Sunshine’s narrative begins with Mario, Peach and a few friends heading to the island for a trip, a rare example of a game beginning with its hero attempting to go on holiday (the backstory of Super Mario World establishes a similar scenario). The island acts as a pseudo-open world structure, allowing the player to access various different levels from the central hub of ‘Delfino Plaza’. Though it doesn’t necessarily integrate exceptionally well with all design elements, the island setting does serve several purposes. Firstly, it foregrounds the water-based mechanics central to the game: Mario is tasked with cleaning up a strange colourful goo that has covered parts of the island using a glorified pressure washer. Secondly, it layers the sense of exploration inherent in 3D Mario games: whilst Mario had explored many different lands before, this time he’s ostensibly a tourist! Finally, the differences in environment and terrain compared to prequel Super Mario 64 (1996) – in tandem with the aforementioned water mechanics – serve to mark Sunshine out as a very different sort of Mario game. Indeed, for many it is the black sheep of the series. The setting thus helps provide the game with a unique identity within a series that is often accused of overly familiar world designs and aesthetics.

Sunshine

Perhaps the game-islands most functionally similar to real-world experiences of tropical islands are the two found in the Animal Crossing series.

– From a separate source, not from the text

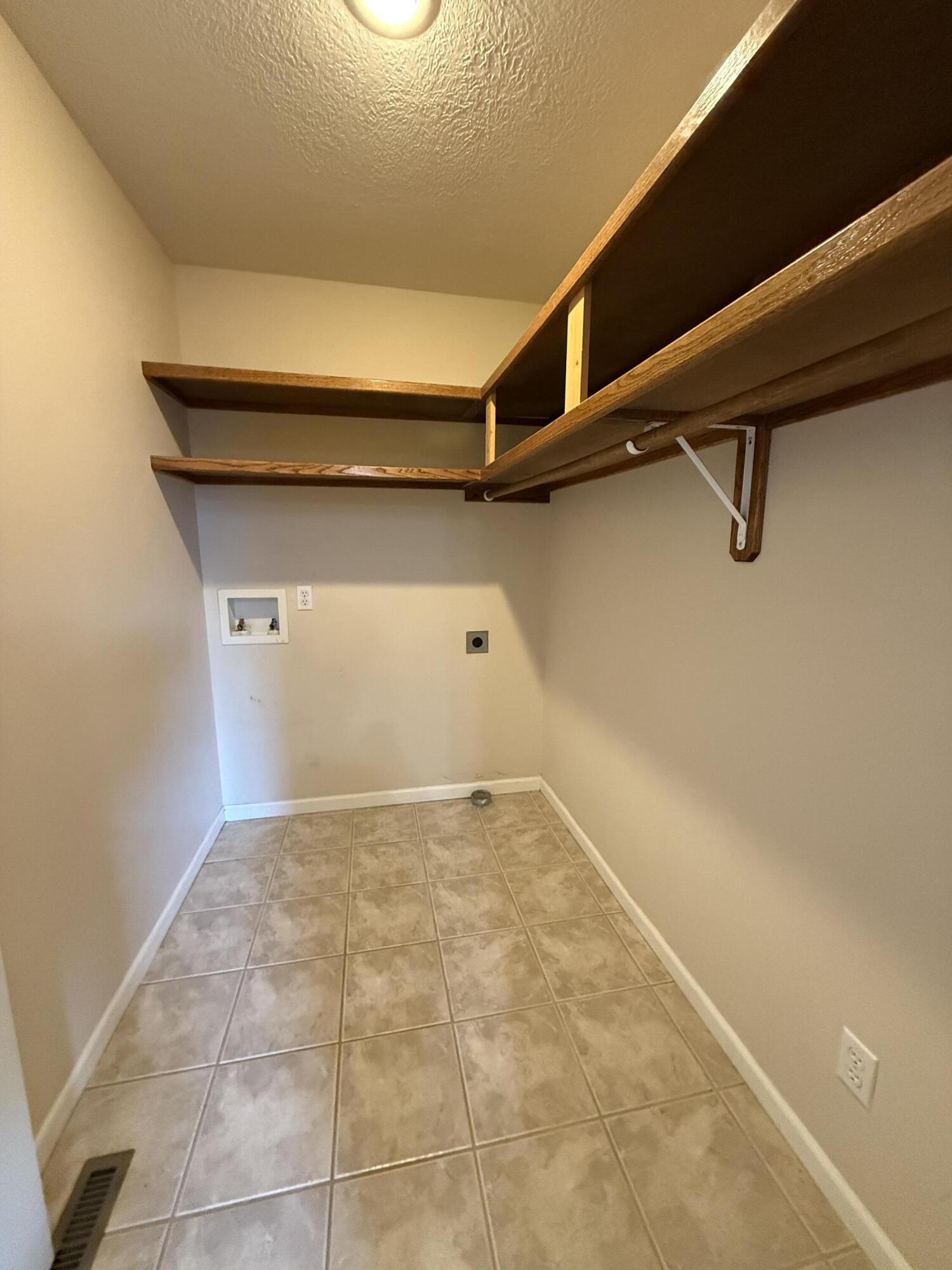 5218 South Gary Court Property Photo 9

The first, known simply as ‘Animal Island’, appeared in the original Animal Crossing (2001) and featured several elements and mechanics intended to make it feel like a vacation-type area: it can only be reached by boat; it has a large, empty bungalow for use by the player-avatar; it has coconut trees that drop their fruit, which along with beach-strewn shells can be collected; items and furniture exclusive to the island include a life ring, surfboard and ukelele; and the season, which changes in the main town, is constantly ‘summer’ on the island. The player-avatar can even get a tan, or become sunburnt if not careful!

Animal Island

In order to access the island the player had to connect a Gameboy Advance to their Gamecube, so even in terms of how the player accessed the island, it bore similarity to real-world holidays. That is to say, it’s a potential hassle to get there, but a welcome and pleasantly different experience from the main game once there. This sense of taking a break from the normal gameplay loop is perhaps highlighted by the fact that you can’t save whilst on the island. Animal Island’s successor, ‘Tortimer Island’ from Animal Crossing: New Leaf (2012), builds on the holiday destination style of gameplay, including mini-games masquerading as guided tours, a souvenir shop, more exotic flora, and the ability to rent a wetsuit and go diving around the island’s coastline.

Tortimer Island

Some recent AAA games have also made use of tropical islands within their world design, such as Far Cry 3 (2012) and Uncharted 4 (2016). However, as I have little direct experience or knowledge of these titles, I’ll refrain from passing comment. One particular standout example of a tropical game-island from very recent memory is ‘Eventide Island’ from the groundbreaking Zelda: Breath of the Wild (2017). However, as the gameplay of this island features a particular twist (spoilers!), it’ll be discussed in a later part of this series. For now, here’s hoping you’re laying on a beach reading this, with a windbreak flailing to your side and sky-rats seagulls screeching merrily above you!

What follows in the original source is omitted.